Сочинители — как подспорье для книгопродавцев. Сочинители, которые, брось они свои сочинения, глядишь, сделались бы игроками, пьяницами и разбойниками… И эти-то суждения, если и не выражающие собственные мысли переводчика, то, по крайней мере, не отпугнувшие его от перевода, высказаны в век, когда перед литераторами, казалось бы, напротив, следовало преклонить колени. Хотя бы за то, что они — великие труженики!
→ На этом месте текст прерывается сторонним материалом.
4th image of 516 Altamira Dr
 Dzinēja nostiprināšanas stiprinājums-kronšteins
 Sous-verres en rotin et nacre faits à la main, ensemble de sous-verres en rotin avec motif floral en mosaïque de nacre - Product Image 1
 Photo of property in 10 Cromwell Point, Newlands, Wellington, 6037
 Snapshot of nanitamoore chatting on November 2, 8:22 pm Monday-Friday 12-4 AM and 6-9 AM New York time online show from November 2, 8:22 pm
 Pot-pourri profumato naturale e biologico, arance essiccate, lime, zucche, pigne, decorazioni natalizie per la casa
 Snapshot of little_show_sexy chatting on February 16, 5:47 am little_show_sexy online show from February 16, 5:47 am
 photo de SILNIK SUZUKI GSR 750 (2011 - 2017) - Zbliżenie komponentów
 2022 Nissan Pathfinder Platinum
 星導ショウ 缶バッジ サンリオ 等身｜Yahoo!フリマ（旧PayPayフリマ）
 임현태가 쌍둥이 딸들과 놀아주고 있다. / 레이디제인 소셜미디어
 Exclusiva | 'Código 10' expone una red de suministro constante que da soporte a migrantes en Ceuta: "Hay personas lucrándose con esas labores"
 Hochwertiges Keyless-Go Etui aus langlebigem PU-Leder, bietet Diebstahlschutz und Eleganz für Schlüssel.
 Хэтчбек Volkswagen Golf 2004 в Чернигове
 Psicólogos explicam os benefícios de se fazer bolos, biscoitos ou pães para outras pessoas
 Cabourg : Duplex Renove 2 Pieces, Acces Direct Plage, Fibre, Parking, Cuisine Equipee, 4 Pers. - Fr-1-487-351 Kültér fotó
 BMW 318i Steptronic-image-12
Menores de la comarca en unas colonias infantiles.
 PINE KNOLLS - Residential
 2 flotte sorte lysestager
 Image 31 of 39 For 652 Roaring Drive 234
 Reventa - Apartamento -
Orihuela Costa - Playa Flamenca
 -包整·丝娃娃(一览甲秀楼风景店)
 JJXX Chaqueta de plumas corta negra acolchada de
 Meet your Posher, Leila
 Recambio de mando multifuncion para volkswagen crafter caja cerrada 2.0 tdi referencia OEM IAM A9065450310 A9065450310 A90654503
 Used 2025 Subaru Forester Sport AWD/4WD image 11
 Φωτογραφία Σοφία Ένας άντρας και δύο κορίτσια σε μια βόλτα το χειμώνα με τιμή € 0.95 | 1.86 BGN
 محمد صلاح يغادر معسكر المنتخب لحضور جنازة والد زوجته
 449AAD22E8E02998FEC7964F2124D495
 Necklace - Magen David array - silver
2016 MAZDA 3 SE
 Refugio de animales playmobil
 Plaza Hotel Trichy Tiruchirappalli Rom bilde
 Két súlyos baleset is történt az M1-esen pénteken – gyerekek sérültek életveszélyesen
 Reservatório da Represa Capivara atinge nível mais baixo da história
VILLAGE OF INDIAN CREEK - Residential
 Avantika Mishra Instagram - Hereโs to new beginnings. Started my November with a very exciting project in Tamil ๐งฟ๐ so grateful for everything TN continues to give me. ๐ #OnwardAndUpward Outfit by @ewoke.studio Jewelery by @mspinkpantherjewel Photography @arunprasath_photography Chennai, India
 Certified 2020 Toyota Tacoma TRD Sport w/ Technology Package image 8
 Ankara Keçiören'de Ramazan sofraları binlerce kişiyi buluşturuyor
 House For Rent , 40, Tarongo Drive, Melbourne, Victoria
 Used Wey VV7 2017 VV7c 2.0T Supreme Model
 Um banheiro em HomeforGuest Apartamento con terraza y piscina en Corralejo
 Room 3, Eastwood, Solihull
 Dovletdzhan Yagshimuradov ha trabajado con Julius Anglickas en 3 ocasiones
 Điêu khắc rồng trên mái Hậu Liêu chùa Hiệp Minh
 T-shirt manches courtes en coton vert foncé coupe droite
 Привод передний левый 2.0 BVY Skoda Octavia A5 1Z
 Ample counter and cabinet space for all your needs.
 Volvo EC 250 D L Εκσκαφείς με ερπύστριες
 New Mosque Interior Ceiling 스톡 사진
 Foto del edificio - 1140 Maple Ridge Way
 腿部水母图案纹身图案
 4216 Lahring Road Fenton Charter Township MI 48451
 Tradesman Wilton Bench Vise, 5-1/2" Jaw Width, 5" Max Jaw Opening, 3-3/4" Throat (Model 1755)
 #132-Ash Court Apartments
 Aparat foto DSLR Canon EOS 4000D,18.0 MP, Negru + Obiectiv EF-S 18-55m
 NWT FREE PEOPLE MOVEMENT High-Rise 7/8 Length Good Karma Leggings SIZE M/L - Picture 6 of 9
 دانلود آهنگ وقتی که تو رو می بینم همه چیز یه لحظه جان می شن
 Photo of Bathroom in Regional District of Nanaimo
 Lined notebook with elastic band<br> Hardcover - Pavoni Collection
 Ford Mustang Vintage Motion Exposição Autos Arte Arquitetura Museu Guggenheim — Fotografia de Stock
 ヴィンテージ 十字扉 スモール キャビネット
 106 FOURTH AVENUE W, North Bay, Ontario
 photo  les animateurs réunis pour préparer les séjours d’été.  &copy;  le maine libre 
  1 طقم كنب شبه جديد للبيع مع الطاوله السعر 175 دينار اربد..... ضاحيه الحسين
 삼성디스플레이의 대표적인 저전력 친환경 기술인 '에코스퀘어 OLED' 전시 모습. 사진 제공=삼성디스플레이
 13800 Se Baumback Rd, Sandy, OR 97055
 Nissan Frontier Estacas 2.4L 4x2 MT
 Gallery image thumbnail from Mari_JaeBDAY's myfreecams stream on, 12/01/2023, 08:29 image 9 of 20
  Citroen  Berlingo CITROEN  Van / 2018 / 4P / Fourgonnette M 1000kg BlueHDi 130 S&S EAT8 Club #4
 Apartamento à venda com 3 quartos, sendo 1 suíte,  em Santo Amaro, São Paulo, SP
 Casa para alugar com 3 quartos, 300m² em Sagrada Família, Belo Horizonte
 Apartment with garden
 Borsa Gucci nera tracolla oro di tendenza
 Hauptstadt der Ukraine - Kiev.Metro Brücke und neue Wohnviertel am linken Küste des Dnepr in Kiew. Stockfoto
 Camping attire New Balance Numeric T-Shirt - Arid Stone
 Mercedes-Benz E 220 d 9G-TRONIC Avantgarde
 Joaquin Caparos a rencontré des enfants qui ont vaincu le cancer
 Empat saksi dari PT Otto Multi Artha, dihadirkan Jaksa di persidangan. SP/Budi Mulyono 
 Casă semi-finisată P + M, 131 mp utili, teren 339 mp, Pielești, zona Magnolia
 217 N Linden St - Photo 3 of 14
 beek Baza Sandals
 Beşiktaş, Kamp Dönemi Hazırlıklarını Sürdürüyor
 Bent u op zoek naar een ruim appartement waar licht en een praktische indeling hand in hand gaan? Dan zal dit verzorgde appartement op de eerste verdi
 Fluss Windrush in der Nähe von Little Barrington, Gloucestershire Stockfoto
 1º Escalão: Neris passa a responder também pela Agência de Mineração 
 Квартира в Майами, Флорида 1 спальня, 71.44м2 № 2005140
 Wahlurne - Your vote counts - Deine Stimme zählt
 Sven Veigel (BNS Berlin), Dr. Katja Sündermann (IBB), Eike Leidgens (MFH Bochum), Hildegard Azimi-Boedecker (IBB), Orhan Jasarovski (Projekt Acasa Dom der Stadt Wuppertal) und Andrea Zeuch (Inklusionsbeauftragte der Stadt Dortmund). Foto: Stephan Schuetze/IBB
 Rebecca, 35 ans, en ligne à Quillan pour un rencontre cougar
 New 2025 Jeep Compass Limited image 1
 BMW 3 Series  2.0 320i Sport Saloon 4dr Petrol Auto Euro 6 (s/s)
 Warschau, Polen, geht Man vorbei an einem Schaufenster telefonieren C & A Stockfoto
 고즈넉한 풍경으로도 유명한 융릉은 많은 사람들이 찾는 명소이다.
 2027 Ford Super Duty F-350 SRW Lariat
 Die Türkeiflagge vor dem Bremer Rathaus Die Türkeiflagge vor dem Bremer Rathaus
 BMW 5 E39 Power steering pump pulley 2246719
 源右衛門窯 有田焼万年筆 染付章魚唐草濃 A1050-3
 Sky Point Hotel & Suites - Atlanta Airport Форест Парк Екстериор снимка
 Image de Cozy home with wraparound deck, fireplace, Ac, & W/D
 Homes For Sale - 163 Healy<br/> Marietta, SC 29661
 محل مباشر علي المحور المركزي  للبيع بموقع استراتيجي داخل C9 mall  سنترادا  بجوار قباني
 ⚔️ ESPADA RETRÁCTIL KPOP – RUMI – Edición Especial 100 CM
Я уже не говорю о винчианской разносторонности Ломоносова, но как широки интересы и нашего героя, Дениса Ивановича Фонвизина: от комедии, прозы, стихов, лингвистики — до живописи, музыки и физики! А каков друг Державина и Капниста Николай Александрович Львов: поэт, архитектор, живописец, музыкант, механик, геолог, изобретатель! К тому ж все они — люди служащие, сочинительству посвящающие лишь досуг, не более того. Допустим, Херасков около полусотни лет почти без остатка отдавал себя Московскому университету как его директор и куратор; остаток меж тем оказался огромен — хотя бы и в построчном исчислении. А какова плодовитость Державина, успевшего между делом (нет, между словом!) служить в гвардии и в Сенате, побывать олонецким и тамбовским губернатором, быть личным секретарем Екатерины, президентом Коммерц-коллегии, вторым министром при казначействе, министром юстиции…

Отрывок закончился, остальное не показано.